PARKERSBURG - Plunging temperatures added a little extra chill to the first Polar Plunge for Special Olympics West Virginia at Point Park.
One of those taking the plunge Saturday afternoon was Cecil Chapman, of Parkersburg, who said he was doing it in memory of his mother.
"This is in memory of my mother who used to work with the Special Olympics for many years and my best friend's wife asked me to do it," he said. "So I decided to do it in her memory."
Polar Bear Plunge
Cheryl Baxter, one of the organizers of the first Polar Plunge, said the turnout was encouraging for future plunges.
"We became aware Morgantown, Charleston and Beckley had plunges for Special Olympics and we didn't," she said. "Parkersburg needed to since this is where Special Olympics (in West Virginia) started."
Baxter said each of those taking the plunge had to raise $50 in pledges or donate $50 to be part of the plunge.

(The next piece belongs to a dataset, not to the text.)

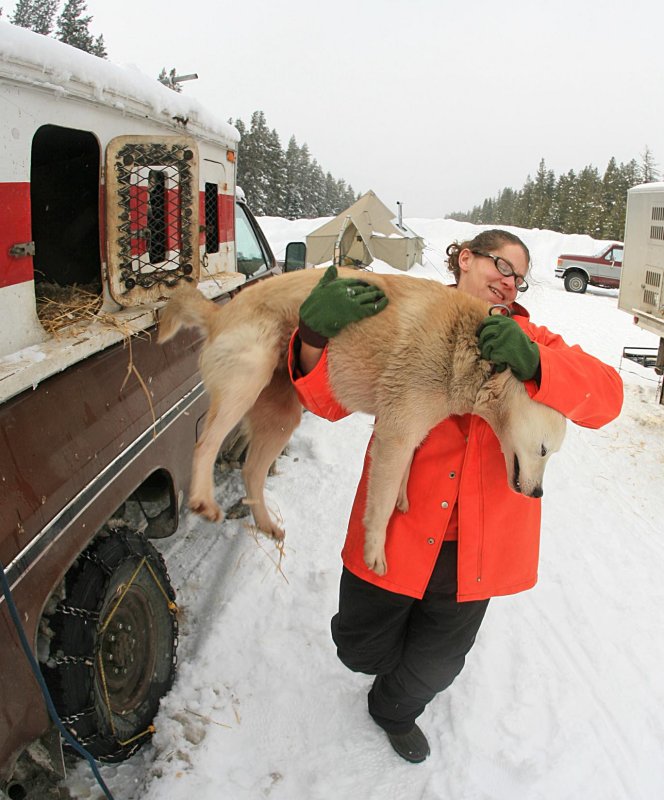  Time To Unload The Dogs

George Herriott, left, and Jake Herriott, right, do cannonball dives at the Special Olympics West Virginia Polar Plunge on Saturday at Point Park. (Photo by Jeffrey Saulton)
Holly Swackhamer, left, and Tiffany Bourgeois, both of Parkersburg, hold hands as they plunge into the frigid water during the Special Olympics West Virginia Polar Plunge on Saturday at Point Park. (Photo by Jeffrey Saulton)
Ray Blackburn, left, is still above water as his diving partner, Greg Maher, right, goes under during the Special Olympics West Virginia Polar Plunge on Saturday at Point Park. (Photo by Jeffrey Saulton)
Erica Morrison, of St. Marys, holds her nose as she takes the plunge at the Special Olympics West Virginia Polar Plunge on Saturday at Point Park. (Photo by Jeffrey Saulton)
Wayne Jenkins changes into warmer clothes after his turn taking the plunge at the Special Olympics West Virginia Polar Plunge on Saturday at Point Park. (Photo by Jeffrey Saulton)
Dave Bromley, sports director for Special Olympics West Virginia, handled the Master of Ceremonies duties and Captain Plunger. (Photo by Jeffrey Saulton)
"We had 41 today, but we were hoping for 141, but for the first year we'll go with that," she said. "It will be bigger next year. We are tickled to death they are here."
Baxter said an above-ground pool was used for safety reasons.
"There's a strong current and we have a lot of river traffic in this part of the river," she said of the event, which was held at the new amphitheater at Point Park, along the Ohio River. "It's more appealing to jump into the cool water in a pool; the river makes a good backdrop."
Baxter said the plunge was followed up with a warm-up party at the Blennerhassett Hotel.
Others said they did it for the fun and to raise funds for a worthy cause.
"I'm a teacher at PHS (Parkersburg High School) and my mom works in special education for Wood County Schools, I thought it was a great cause" said Wayne Jenkins, another of those who jumped into the icy water. "I can mark if off my bucket list."
Jenkins said this is probably the last time he will take the polar plunge.
"Next year I'll probably raise money for it, give it to them and watch."
Jim Pursley, an assistant coach for the Parkersburg South High School swim team, said seven members of the team came out.
"We asked the kids to come out after they got back from the state meet in Morgantown," he said. "We had one girl and seven boys come out for this along with me and Steve Lutz."